The amount of memory allocated to all worker processes (JVMs) on a worker node can be changed in theworker.childoptsproperty in each worker node’s storm.yaml configuration file. This property accepts any valid JVM startup option, providing the ability to set the startup options for the initial memory allocation pool (-Xms) and maximum memory allocation pool (-Xmx) for the JVMs on the worker node. Changing this property will update all the worker processes on a particular worker node. Make sure that your worker node has enough resources for the memory increase. After updating this property, you’ll need to restart the Supervisor process on the worker node to apply the change.
From my old days of J2EE applications tuning, I still recommend setting –Xms and –Xmx to the same value to eliminate heap management overhead. Along with being more efficient, this strategy adds the benefit of making it easier to reason about JVM memory usage, because the heap size is a fixed constant for the life of the JVM.
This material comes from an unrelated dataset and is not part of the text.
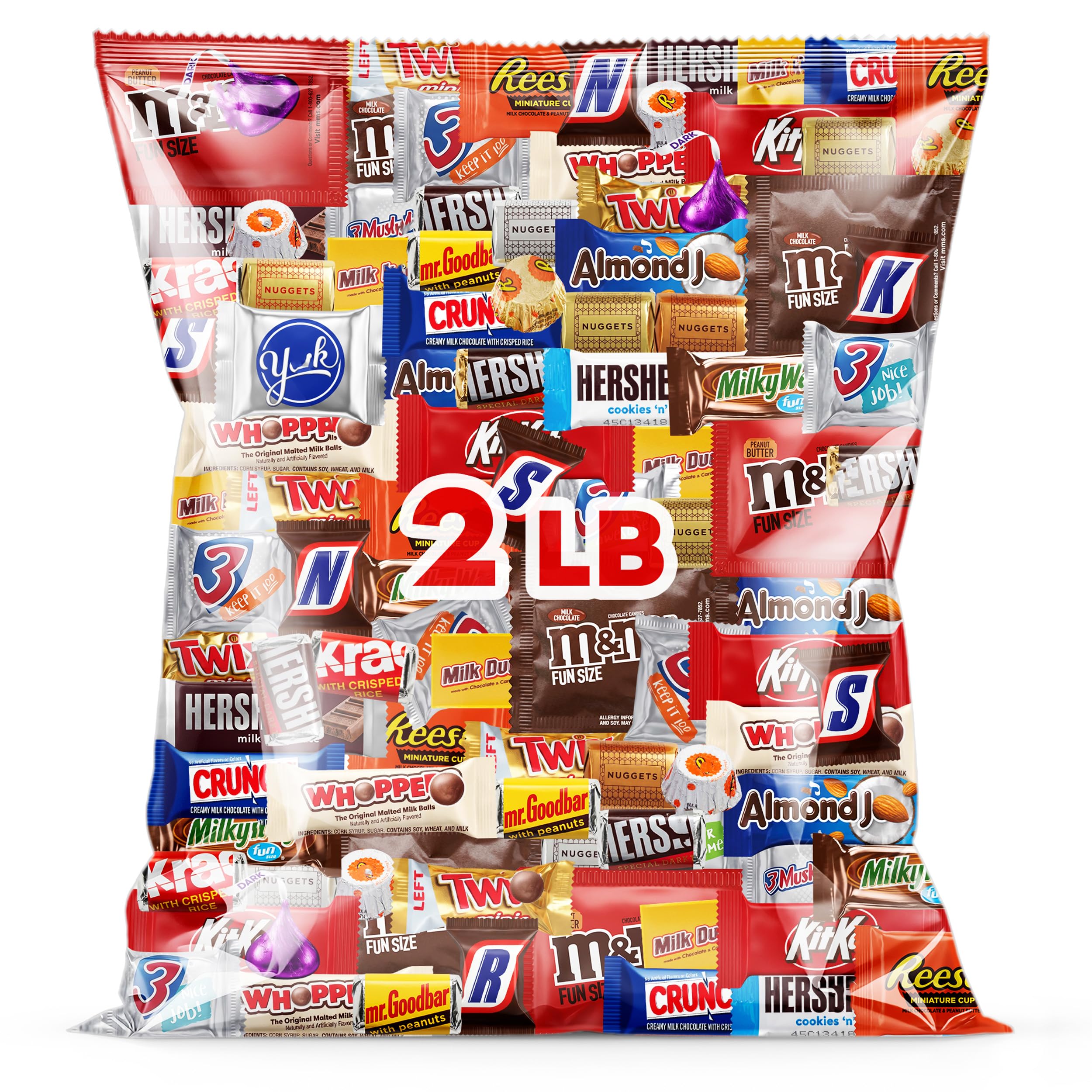 Sugaridge front packaging showing assorted individually wrapped chocolates for easy portioning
Much like how an individual JVM has a limited amount of available memory, so does a worker node as a whole. In addition to the memory needed to run your Storm worker processes (JVMs), you need memory to run the Supervisor process and any other processes on your worker node without swapping.
A worker node has a fixed amount of memory that’s being used by its worker processes along with any other processes running on that worker node.
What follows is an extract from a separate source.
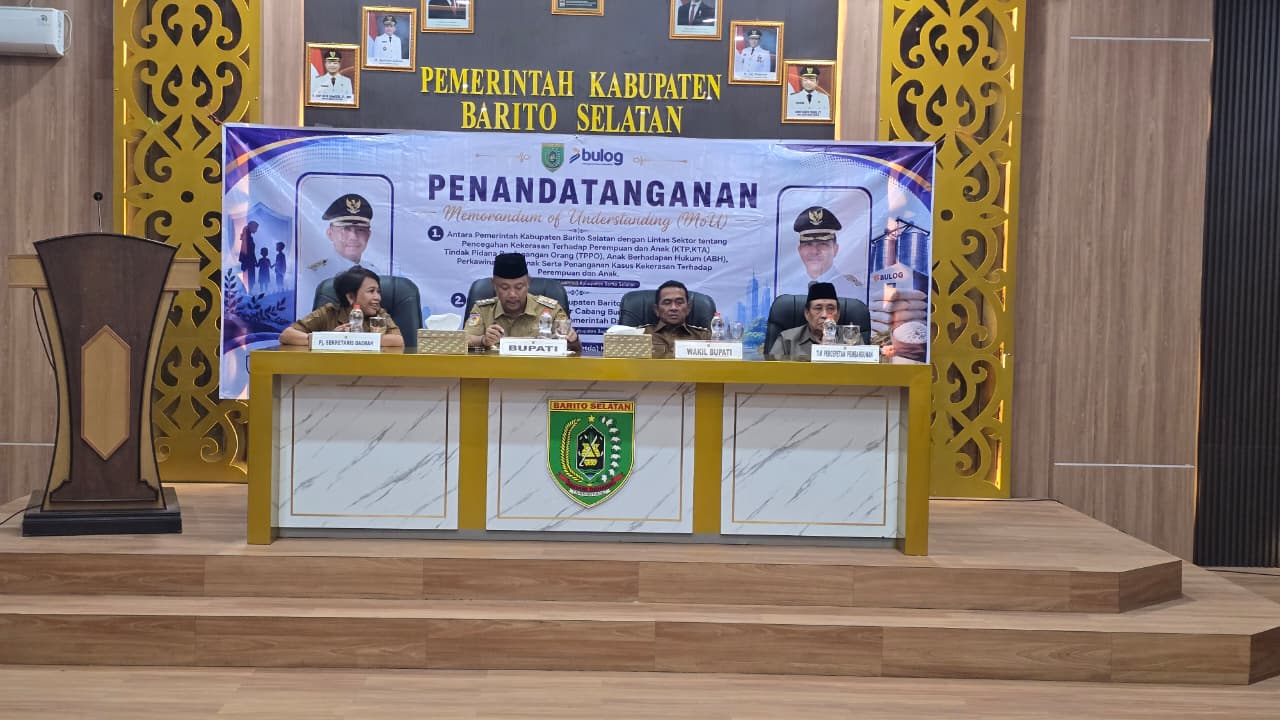 Kemenag Barsel Teken MoU Pencegahan Kekerasan Perempuan dan Anak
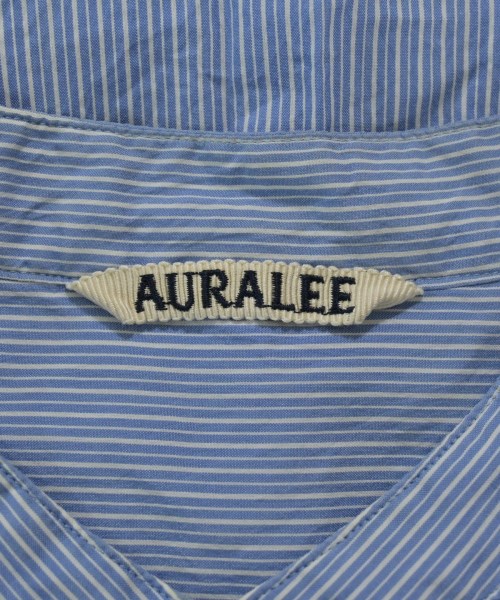 AURALEE（オーラリー）シャツワンピース 青 サイズ:0(S位) レディース/2200642866011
If a worker node is experiencing memory contention, that worker node will be swapping.Swapping is the little death and needs to be avoided if you care about latency and throughput. This is a problem when using Storm; each worker node needs to have enough memory so that the worker processes and OS don’t swap. If you want to maintain consistent performance, you must avoid swapping with Storm’s JVMs.
One way to keep an eye on this in Linux is using System Activity Reporter. Use sar -S for reporting swap space utilization statistics.
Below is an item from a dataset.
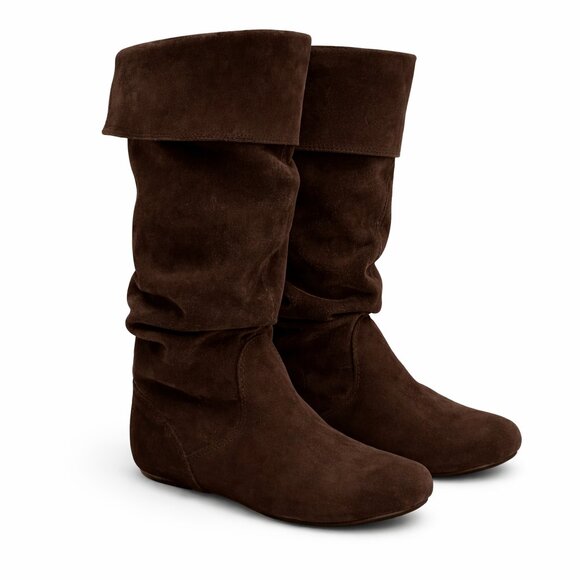 Steve Madden Shoes - Steve Madden Bonanza Slouch Knee High Boots Brown Suede 8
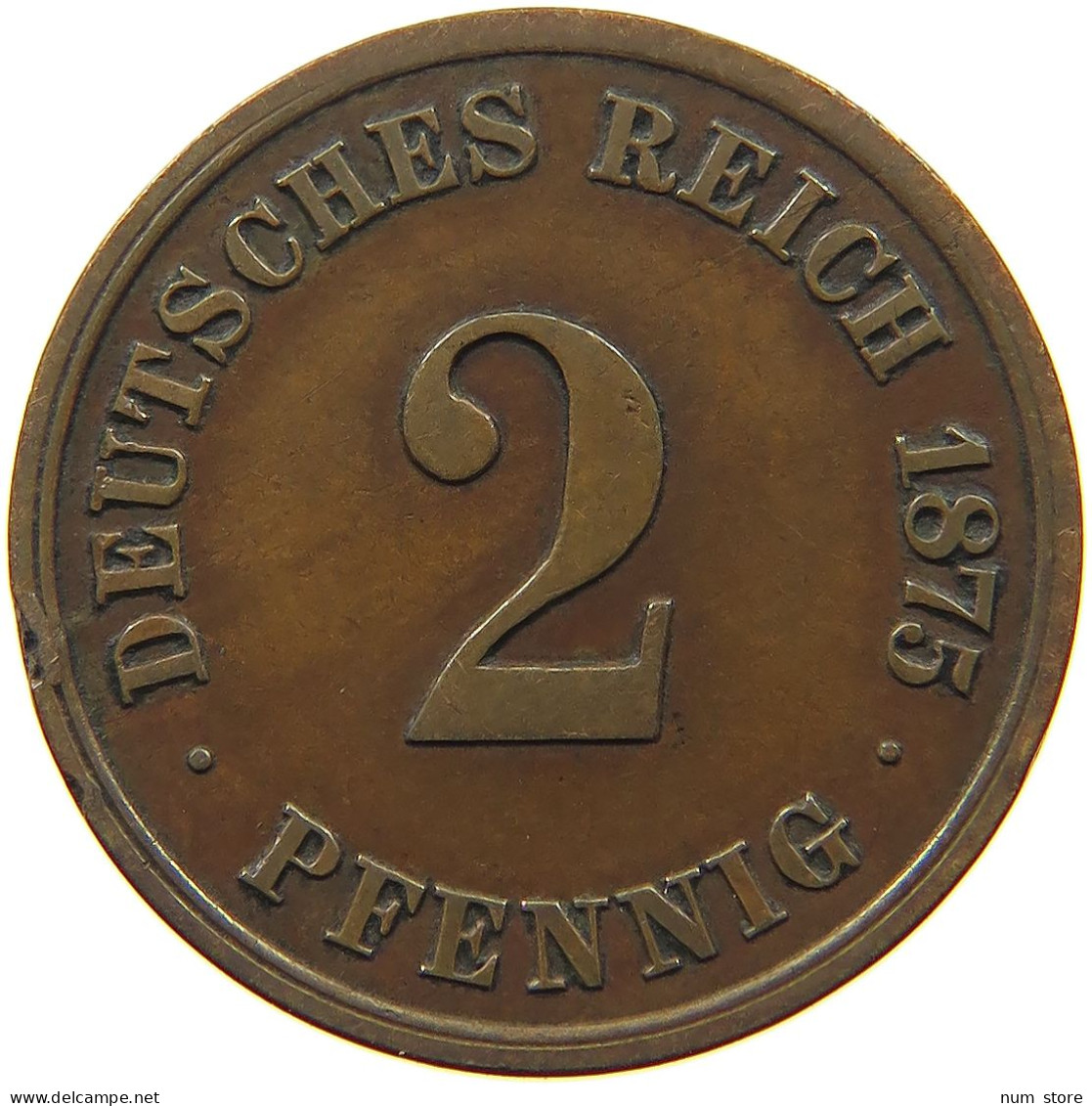 GERMANY EMPIRE 2 PFENNIG 1875 A #c082 0213 - 2 Pfennig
If you run a single worker process per worker node, it’s impossible to run into contention between workers on that node. This can make maintaining consistent performance within a cluster much easier. We know of more than one development team that has opted for this approach. If possible, we advise you to seriously consider going this route.
This is a nonstarter if you aren’t running in a virtualized environment. The cost is simply too high to do this if you’re running on “bare metal” with a single OS instance per physical machine. Within a virtualized environment, you’ll use more resources by doing this. Assume for a moment that your OS install requires n GB of disk space and uses 2 GB of memory to run effectively. If you have eight workers running on your cluster and you assign four workers per node, you’d use n* 2 GB of disk and 4 GB of memory to run the OS on your cluster nodes. If you were to run a single worker per node, that would skyrocket to n* 8 GB of disk and 16 GB of memory. That’s a fourfold increase in a rather small cluster. Imagine the additional usage that would result if you had a cluster that was 16, 32, 128, or more nodes in size. If you’re running in an environment such as Amazon Web Services (AWS) where you pay per node, the costs can add up quickly. Therefore, we suggest this approach only if you’re running in a private virtualized environment where the cost of hardware is relatively fixed and you have disk and memory resources to spare.
Let’s assume that your worker node is swapping due to contention for that node’s memory.
Here are a few options:
Lowering the collective memory used by worker processes can be done in one of two ways. The first is by reducing the number of worker processes per worker node. Reducing the total number of worker processes will lower the overall memory footprint of the combined remaining processes.
The second way is by reducing the size of your JVMs. Be careful when lowering memory allocated to existing JVMs, though, to avoid introducing memory contention within the JVM.
One safe solution is to always go the route of increasing the memory available to each machine. It’s the simplest solution and its resulting ramifications are the easiest to understand. If you are tight on memory, lowering memory usage can work, but you open yourself up to all the problems we discussed concerning GC and OOM on a per-JVM basis.
Worker node CPU contention occurs when the demand for CPU cycles outstrips the amount available. This is a problem when using Storm and is one of the primary sources of contention in a Storm cluster. If your Storm topology’s throughput is lower than what you expect it to be, you may want to check the worker node(s) running your topology to see if CPU contention exists.
One way to keep an eye on this in Linux is with the sar -u command for displaying real-time CPU usage of all CPUs.
Let’s assume that the throughput of your topologies is low, and based on running the sar command, you see that CPU contention exists.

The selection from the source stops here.